(Given information Opens)
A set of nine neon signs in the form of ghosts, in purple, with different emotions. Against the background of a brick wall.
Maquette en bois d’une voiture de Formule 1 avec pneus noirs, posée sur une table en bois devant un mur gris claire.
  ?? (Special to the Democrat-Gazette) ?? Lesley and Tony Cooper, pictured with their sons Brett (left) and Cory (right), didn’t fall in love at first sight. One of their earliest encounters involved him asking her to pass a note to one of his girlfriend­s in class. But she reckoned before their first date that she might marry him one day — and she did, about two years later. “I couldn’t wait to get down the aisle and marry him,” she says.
(Given information Closes)
__Work to be completed__
Starting at the line where "Maquette en bois" appears, write out every line exactly as it stands until the listing ends, and add nothing.

__Result__
Maquette en bois d’une voiture de Formule 1 avec pneus noirs, posée sur une table en bois devant un mur gris claire.
  ?? (Special to the Democrat-Gazette) ?? Lesley and Tony Cooper, pictured with their sons Brett (left) and Cory (right), didn’t fall in love at first sight. One of their earliest encounters involved him asking her to pass a note to one of his girlfriend­s in class. But she reckoned before their first date that she might marry him one day — and she did, about two years later. “I couldn’t wait to get down the aisle and marry him,” she says.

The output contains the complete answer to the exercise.